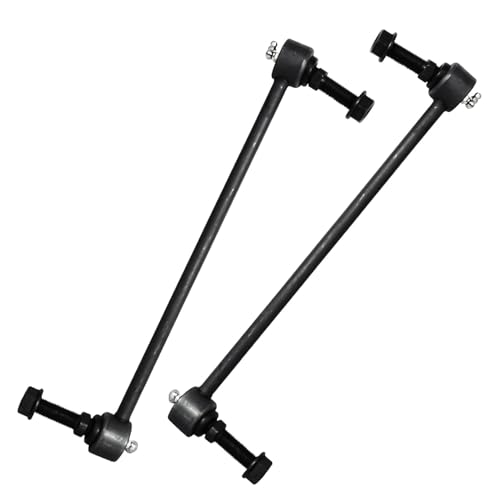Image of Detroit Axle - AWD 8pc Suspension Kit for 2011 2012 2013 Ford Explorer, Front Struts w /Coil Spring Assembly Lower Control Arms w /Ball Joints Front Rear Sway Bar Links Replacement Ready Struts Shocks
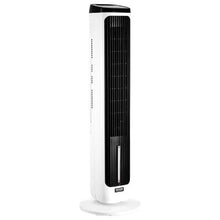 Tower Fan, 23.3ft/s Velocity, Quiet 70° Oscillation, 9 Speeds, 4 Modes, 24H Timer, Portable Bladeless Fan with Remote Control for Bedroom, Office, Home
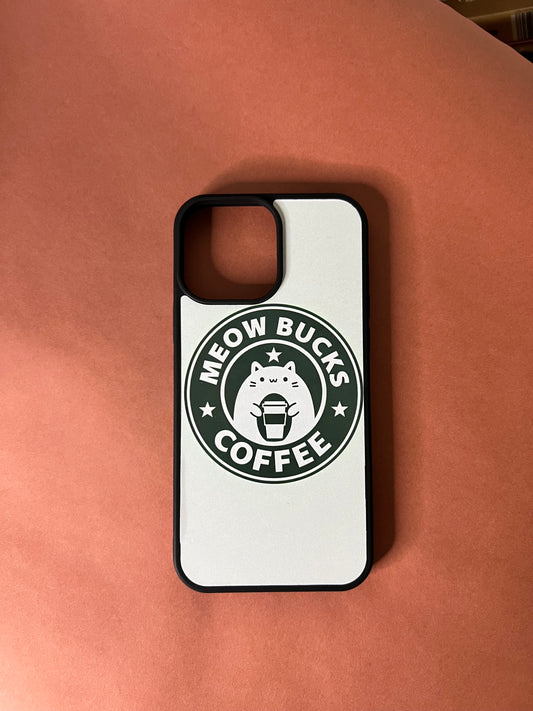 Coffe Cat-Phone Case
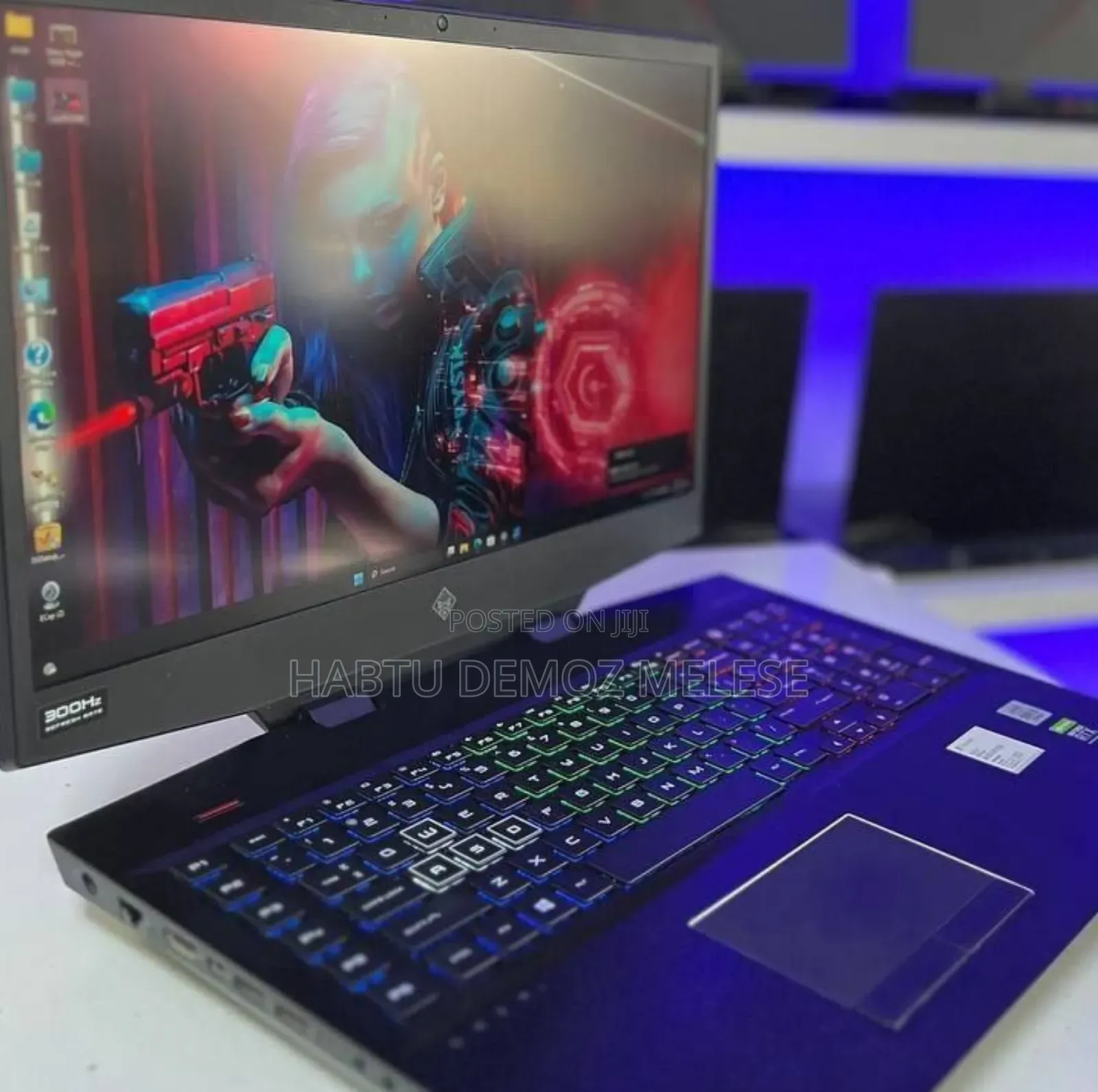 New Laptop HP Omen 15 16GB Intel Core I9 SSD 512GB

## Work to be completed
Your copy should hold each line above exactly and no pictures at all.

## Result of the task
Image of Detroit Axle - AWD 8pc Suspension Kit for 2011 2012 2013 Ford Explorer, Front Struts w /Coil Spring Assembly Lower Control Arms w /Ball Joints Front Rear Sway Bar Links Replacement Ready Struts Shocks
 Tower Fan, 23.3ft/s Velocity, Quiet 70° Oscillation, 9 Speeds, 4 Modes, 24H Timer, Portable Bladeless Fan with Remote Control for Bedroom, Office, Home
 Coffe Cat-Phone Case
 New Laptop HP Omen 15 16GB Intel Core I9 SSD 512GB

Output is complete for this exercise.